そう言いながら瀬々が指差したところには、昶がいた。
いじけ虫とは、どうやら彼の事らしい。
「ずっと探してたッスよね?」
「そうだけど」
「香住くんだってそう望んでいるはずッス……ね?」
瀬々が問い掛ければ、気まずさは抜けないものの昶は頷いた。
その様子に今は避けられてはいないのだと、あかねは密かに安堵する。
「そういう事だからさ、二人でちゃんと話し合って納得したら戻ってきて欲しいッス。
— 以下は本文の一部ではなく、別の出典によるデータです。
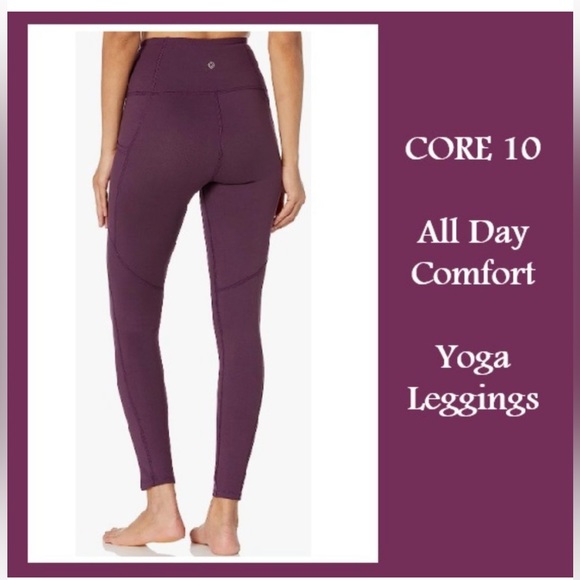 ❌Core 10 Yoga Leggings - Plus Size 1X - Picture 11 of 13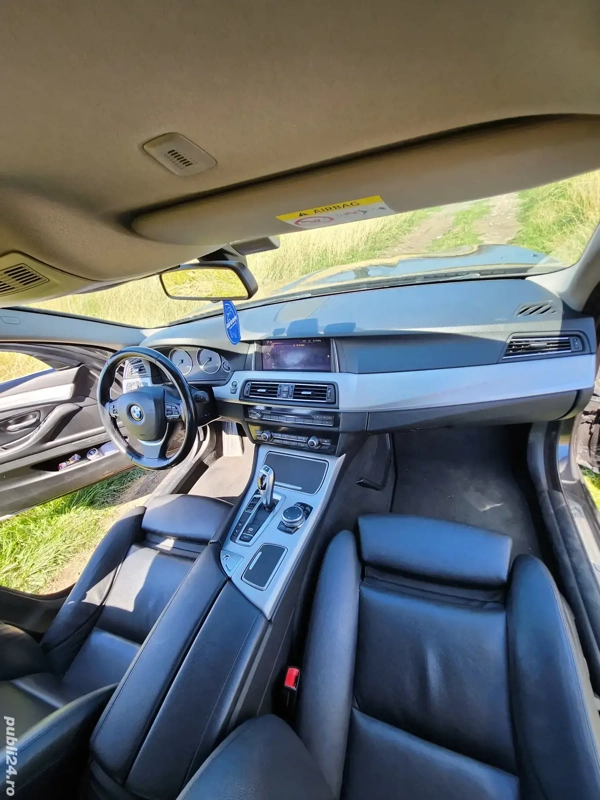 BMW 5 Series 2016 — imagine 5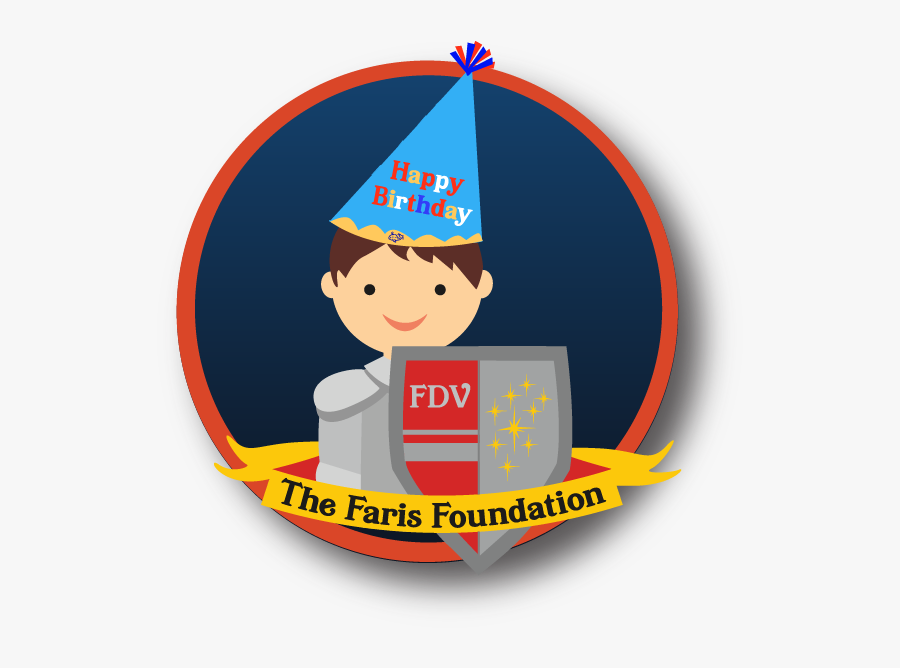 Birthday Logo - Saint Nicholas Day, Transparent Clipart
君達が一緒にいないって、気持ち悪くて」
最後のはどういう意味だと聞きたかったが、せっかくの好意を無駄にする事はせず、間を空けて頷く。
「分かった」
「遅くなっても二人の分は残しておくから、心配しないでいいッスよ」
背を向け旅館を後にする瀬々。
その背中を見送ると、あかねはゆっくりと昶に歩み寄る。
「今日は……初めて話すね」
「あ、ああ」
「とりあえず、あっちで座って話そうよ」
近くにあったベンチに座るように促すと、昶は何も言わずに座る。
それに続くように、あかねも隣に腰掛ける。
だが二人の距離は、隔たりがあるように普段より空いている。
「………」
話したい事はただあるのに、いざ話すとなると何から切り出すべきなのか分からず、あかねは言葉に詰まる。